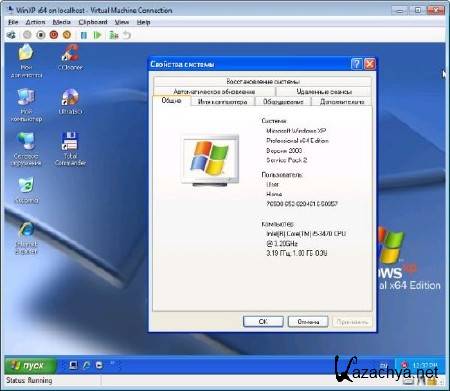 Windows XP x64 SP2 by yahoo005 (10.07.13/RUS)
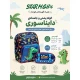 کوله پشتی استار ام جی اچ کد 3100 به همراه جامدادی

········

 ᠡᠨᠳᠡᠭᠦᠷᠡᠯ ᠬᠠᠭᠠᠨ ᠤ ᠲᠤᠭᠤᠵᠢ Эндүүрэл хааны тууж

········

■ **EXERCISE REQUIREMENTS**: The material above holds pictures; leave them out and set down exactly the lines from the line with "Windows XP x64" to the line with "کوله پشتی استار", both included.

■ **TASK OUTPUT**:
 Windows XP x64 SP2 by yahoo005 (10.07.13/RUS)
 کوله پشتی استار ام جی اچ کد 3100 به همراه جامدادی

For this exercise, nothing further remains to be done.